Golder, who runs a production house in the city, explained that the trio chose Instagram because of the “availability of the technology of the phone camera which is non invasive, discreet, powerful, instant, records location and other archival attributes easily. Also, Instagram as a platform allows you to focus on visuals and retains the immediacy.”

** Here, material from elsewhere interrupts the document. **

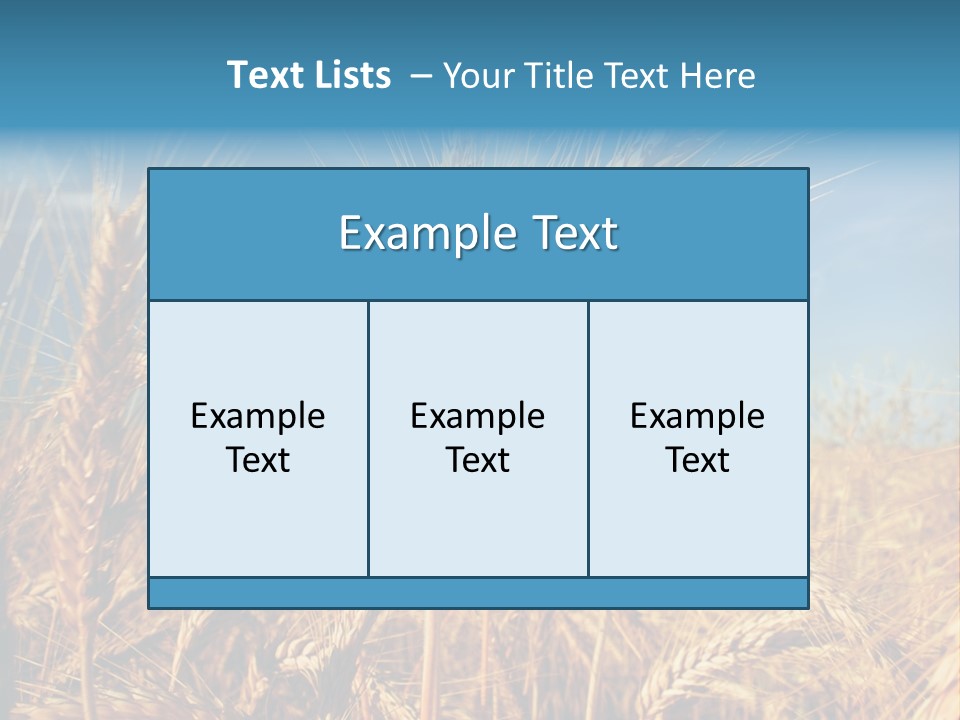 Agriculture Large Rye PowerPoint Template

In the city’s lanes, one can trace the memory not just of Kolkata but also of the British Empire. The official buildings commissioned by the British, acquired a heritage status that helps them survive in the 21st century through occupancy and maintenance. The city is also full of old residential buildings which have a curious charm of their own, and are losing the Darwinian battle as they are often deemed too unfit to survive.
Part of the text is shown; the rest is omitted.